- Exercise details:
An exact, word-for-word copy of the entries is required, beginning at the line that contains "la Balul Bobocilor" and ending at the last line, both included.

- Records from a dataset:
★ ★ ★ ★

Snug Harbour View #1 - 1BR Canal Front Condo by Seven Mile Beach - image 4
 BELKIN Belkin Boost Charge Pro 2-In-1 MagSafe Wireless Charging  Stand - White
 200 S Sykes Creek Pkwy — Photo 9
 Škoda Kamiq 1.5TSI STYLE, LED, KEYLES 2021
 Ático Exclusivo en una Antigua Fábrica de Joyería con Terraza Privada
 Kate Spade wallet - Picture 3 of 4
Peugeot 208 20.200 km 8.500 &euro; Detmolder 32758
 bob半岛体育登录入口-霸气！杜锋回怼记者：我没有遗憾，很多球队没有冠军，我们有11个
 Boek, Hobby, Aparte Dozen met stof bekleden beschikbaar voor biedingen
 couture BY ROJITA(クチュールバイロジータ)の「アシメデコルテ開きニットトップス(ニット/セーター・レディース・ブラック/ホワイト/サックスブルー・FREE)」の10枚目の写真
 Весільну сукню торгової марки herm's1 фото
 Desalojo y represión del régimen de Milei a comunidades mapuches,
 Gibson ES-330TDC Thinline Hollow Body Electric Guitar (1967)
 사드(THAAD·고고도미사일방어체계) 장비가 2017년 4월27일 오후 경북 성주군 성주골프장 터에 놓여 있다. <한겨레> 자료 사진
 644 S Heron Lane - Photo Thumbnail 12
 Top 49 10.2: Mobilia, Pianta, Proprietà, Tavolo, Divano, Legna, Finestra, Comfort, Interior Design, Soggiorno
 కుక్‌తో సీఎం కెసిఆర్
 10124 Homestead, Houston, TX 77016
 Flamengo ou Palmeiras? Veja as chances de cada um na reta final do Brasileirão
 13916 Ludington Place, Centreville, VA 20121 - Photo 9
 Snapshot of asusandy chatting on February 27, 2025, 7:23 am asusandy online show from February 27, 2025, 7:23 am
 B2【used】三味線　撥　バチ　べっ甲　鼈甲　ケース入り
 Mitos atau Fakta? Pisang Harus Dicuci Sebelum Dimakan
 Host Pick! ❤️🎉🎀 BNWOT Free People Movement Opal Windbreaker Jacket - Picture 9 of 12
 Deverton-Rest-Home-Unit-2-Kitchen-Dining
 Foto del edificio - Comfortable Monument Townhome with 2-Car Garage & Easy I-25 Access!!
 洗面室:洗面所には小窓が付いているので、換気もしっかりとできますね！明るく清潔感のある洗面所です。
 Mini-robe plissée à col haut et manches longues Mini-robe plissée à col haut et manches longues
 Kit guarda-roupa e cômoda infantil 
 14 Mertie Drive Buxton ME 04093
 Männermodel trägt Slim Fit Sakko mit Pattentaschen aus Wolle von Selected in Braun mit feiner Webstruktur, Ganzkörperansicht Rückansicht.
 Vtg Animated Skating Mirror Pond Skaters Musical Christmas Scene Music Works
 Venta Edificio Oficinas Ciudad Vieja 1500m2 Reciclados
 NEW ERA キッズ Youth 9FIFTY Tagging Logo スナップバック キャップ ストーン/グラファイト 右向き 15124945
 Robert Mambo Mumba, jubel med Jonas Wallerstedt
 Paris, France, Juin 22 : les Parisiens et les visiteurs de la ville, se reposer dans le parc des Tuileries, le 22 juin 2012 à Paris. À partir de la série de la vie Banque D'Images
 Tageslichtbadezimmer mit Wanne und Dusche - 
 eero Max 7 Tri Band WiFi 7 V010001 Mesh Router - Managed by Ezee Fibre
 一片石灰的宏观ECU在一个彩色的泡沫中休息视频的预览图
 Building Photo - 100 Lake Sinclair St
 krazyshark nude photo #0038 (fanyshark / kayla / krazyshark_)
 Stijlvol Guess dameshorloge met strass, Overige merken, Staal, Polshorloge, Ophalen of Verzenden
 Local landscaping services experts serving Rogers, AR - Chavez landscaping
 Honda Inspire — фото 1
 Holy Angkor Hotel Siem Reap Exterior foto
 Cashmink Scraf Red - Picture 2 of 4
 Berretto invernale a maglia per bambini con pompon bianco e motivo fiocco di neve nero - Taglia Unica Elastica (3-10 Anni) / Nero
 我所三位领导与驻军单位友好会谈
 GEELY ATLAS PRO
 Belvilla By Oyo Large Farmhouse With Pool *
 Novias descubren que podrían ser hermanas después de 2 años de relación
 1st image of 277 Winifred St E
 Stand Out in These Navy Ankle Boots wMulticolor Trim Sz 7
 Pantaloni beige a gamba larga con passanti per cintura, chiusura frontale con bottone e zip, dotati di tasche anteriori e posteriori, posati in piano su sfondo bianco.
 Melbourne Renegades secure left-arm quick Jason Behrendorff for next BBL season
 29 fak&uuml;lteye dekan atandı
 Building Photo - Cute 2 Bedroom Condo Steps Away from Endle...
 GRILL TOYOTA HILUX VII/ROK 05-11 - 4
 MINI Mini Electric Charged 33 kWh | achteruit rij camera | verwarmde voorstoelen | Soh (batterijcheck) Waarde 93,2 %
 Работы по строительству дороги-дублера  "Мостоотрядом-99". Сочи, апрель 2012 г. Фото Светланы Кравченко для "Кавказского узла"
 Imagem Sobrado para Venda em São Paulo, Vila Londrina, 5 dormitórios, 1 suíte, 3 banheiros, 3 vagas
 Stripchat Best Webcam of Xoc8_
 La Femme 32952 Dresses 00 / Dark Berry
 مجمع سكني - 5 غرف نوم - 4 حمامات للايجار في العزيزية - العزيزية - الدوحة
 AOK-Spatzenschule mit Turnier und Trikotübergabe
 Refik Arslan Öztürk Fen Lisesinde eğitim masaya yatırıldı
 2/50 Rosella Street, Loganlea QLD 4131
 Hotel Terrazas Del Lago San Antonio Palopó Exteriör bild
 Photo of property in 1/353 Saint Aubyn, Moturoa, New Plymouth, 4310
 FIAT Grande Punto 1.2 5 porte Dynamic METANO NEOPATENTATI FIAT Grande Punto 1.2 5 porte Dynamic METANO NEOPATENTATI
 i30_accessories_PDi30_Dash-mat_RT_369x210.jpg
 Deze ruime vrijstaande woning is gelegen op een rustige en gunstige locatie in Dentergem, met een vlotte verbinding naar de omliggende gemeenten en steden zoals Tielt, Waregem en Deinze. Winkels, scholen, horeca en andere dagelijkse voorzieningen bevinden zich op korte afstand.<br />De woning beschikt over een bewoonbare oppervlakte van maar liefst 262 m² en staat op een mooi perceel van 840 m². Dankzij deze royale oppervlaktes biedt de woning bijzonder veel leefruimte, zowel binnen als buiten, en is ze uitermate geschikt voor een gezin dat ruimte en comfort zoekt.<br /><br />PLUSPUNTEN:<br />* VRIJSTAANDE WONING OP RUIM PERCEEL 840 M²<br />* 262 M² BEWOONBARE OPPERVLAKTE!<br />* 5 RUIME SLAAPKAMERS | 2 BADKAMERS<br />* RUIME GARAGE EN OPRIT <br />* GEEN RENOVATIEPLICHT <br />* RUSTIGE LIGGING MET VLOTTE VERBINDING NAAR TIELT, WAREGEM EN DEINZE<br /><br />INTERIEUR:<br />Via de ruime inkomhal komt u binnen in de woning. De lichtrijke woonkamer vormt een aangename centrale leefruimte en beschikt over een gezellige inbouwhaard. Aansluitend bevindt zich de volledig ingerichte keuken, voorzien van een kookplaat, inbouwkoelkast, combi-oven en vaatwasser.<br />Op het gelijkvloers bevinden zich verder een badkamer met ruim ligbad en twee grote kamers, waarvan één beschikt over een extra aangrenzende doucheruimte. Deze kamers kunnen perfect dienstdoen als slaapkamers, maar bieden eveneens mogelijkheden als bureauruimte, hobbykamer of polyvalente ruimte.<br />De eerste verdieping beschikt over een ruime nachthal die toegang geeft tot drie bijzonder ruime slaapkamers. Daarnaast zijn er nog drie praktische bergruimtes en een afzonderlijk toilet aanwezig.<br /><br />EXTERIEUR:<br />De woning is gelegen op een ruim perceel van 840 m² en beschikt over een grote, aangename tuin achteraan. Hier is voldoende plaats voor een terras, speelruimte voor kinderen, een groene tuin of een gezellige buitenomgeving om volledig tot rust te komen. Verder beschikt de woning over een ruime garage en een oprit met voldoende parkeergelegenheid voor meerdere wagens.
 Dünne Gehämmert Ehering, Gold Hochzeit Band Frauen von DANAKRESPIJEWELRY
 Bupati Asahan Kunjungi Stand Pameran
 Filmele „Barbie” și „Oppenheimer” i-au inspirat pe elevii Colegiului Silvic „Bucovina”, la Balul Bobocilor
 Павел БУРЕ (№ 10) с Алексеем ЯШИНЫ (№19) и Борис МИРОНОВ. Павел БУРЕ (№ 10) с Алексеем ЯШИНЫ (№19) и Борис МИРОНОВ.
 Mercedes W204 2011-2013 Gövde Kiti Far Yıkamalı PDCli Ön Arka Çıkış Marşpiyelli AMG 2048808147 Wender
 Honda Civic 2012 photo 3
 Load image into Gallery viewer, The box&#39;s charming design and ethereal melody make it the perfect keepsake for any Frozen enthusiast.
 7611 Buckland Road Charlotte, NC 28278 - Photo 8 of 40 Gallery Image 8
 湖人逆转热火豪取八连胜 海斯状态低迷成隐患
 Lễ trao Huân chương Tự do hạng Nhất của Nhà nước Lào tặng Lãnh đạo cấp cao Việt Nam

★ ★ ★ ★

- Solved exercise:
 Filmele „Barbie” și „Oppenheimer” i-au inspirat pe elevii Colegiului Silvic „Bucovina”, la Balul Bobocilor
 Павел БУРЕ (№ 10) с Алексеем ЯШИНЫ (№19) и Борис МИРОНОВ. Павел БУРЕ (№ 10) с Алексеем ЯШИНЫ (№19) и Борис МИРОНОВ.
 Mercedes W204 2011-2013 Gövde Kiti Far Yıkamalı PDCli Ön Arka Çıkış Marşpiyelli AMG 2048808147 Wender
 Honda Civic 2012 photo 3
 Load image into Gallery viewer, The box&#39;s charming design and ethereal melody make it the perfect keepsake for any Frozen enthusiast.
 7611 Buckland Road Charlotte, NC 28278 - Photo 8 of 40 Gallery Image 8
 湖人逆转热火豪取八连胜 海斯状态低迷成隐患
 Lễ trao Huân chương Tự do hạng Nhất của Nhà nước Lào tặng Lãnh đạo cấp cao Việt Nam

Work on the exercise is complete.